**WHAT IS EXPECTED**
Omit all pictures. Print the remaining lines exactly, from the start of the data through the line containing "ワイドパンツ ワイド レディース".

───── MATERIAL FOR THE TASK ─────

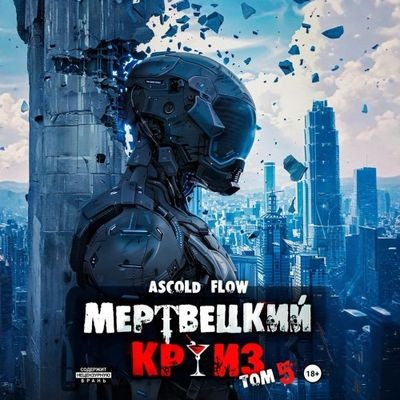 Ascold Flow - Мертвецкий круиз 5. Маршируя в ад (2025) МР3 скачать торрент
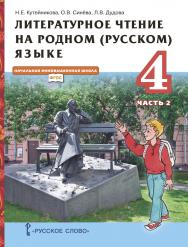 Литературное чтение на родном (русском) языке: учебник для 4 класса общеобразовательных организаций: в 2 ч. Ч. 2 ISBN 978-5-533-02052-7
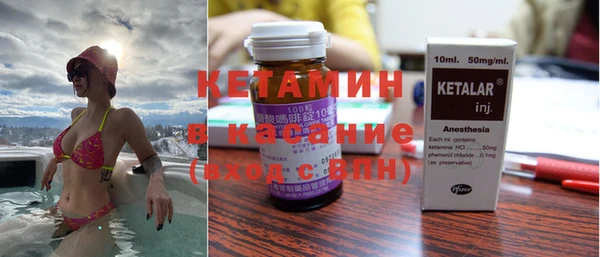 экстази Приозерск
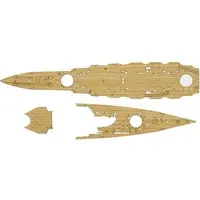 1/700 Scale Model Kit - Warship plastic model kit / Japanese battleship Kirishima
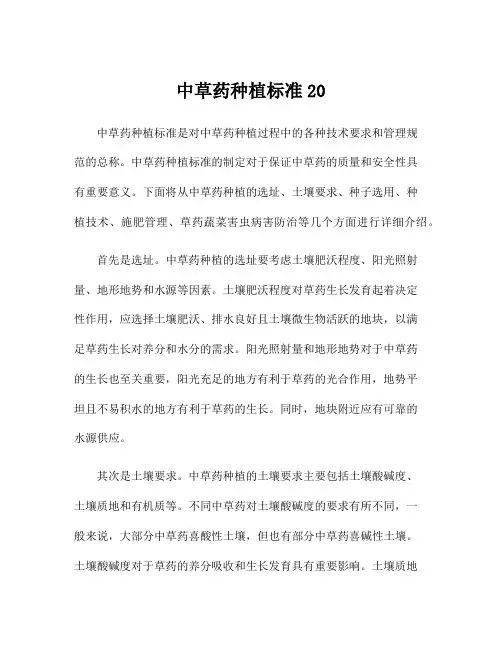 中草药种植标准20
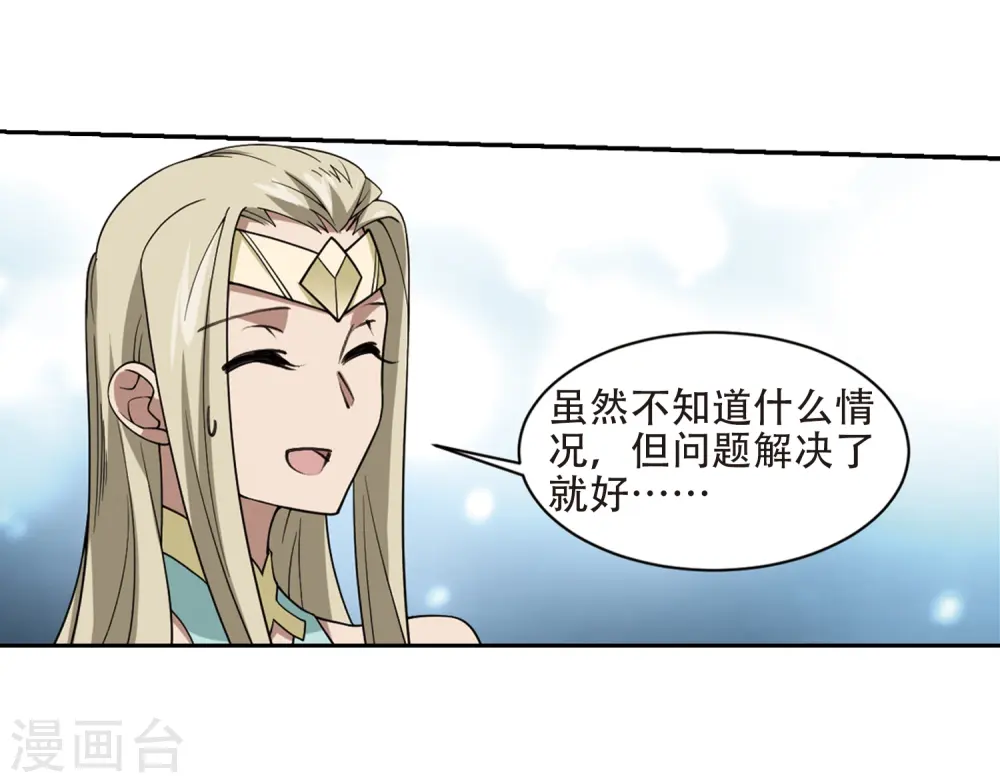 最火的网游排行榜前十名漫画,第233话 坦白22图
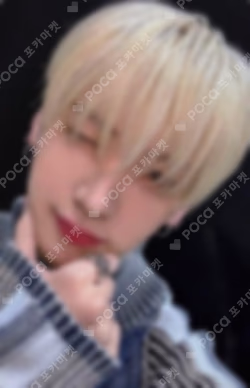 We on Fire HMV LUCKY DRAW YUMA photocard image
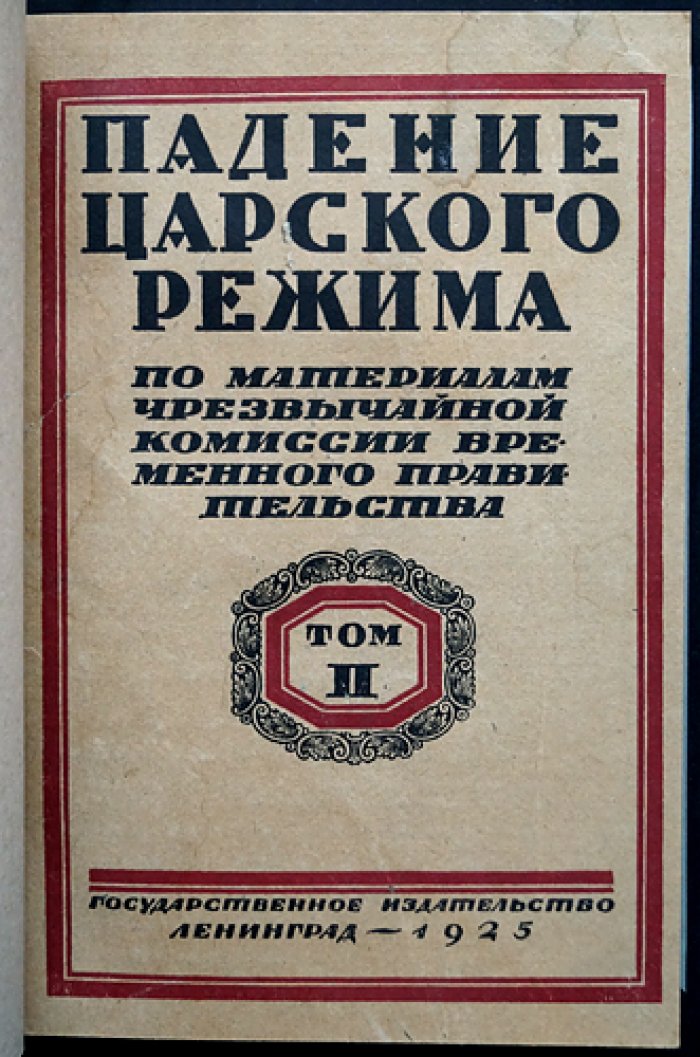 Падение царского режима. Стенографические отчеты допросов и показаний 1917 года в Чрезвычайной Следственной Комиссии Временного Правительства (в семи томах)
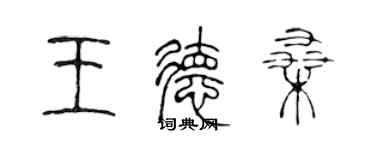 陳聲遠王德桑篆書個性簽名怎么寫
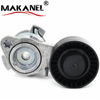 11288620022 High Quality Engine Tensioner Pulley For Bmw F18f02f25 1128 8620 022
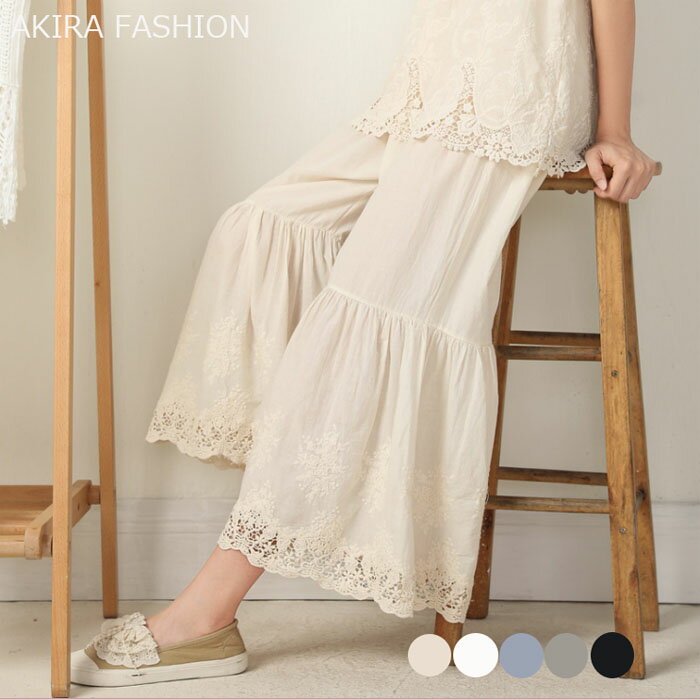 ワイドパンツ ワイド レディース ボトムス ガウチョパンツ レース 刺繍 フレア フレアパンツ パンツ 綿 コットン 大きいサイズ 花柄 ロング きれいめ シア...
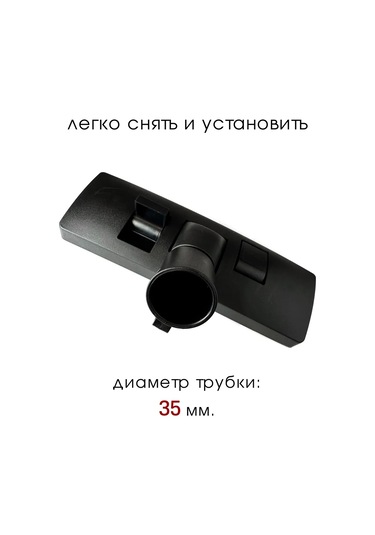 Royal Hıghness Evrensel O325 35 Mm Fırçalı Süpürge Aparatı 143304727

─────

**RESPONSE AREA**
 Ascold Flow - Мертвецкий круиз 5. Маршируя в ад (2025) МР3 скачать торрент
 Литературное чтение на родном (русском) языке: учебник для 4 класса общеобразовательных организаций: в 2 ч. Ч. 2 ISBN 978-5-533-02052-7
 экстази Приозерск
 1/700 Scale Model Kit - Warship plastic model kit / Japanese battleship Kirishima
 中草药种植标准20
 最火的网游排行榜前十名漫画,第233话 坦白22图
 We on Fire HMV LUCKY DRAW YUMA photocard image
 Падение царского режима. Стенографические отчеты допросов и показаний 1917 года в Чрезвычайной Следственной Комиссии Временного Правительства (в семи томах)
 陳聲遠王德桑篆書個性簽名怎么寫
 11288620022 High Quality Engine Tensioner Pulley For Bmw F18f02f25 1128 8620 022
 ワイドパンツ ワイド レディース ボトムス ガウチョパンツ レース 刺繍 フレア フレアパンツ パンツ 綿 コットン 大きいサイズ 花柄 ロング きれいめ シア...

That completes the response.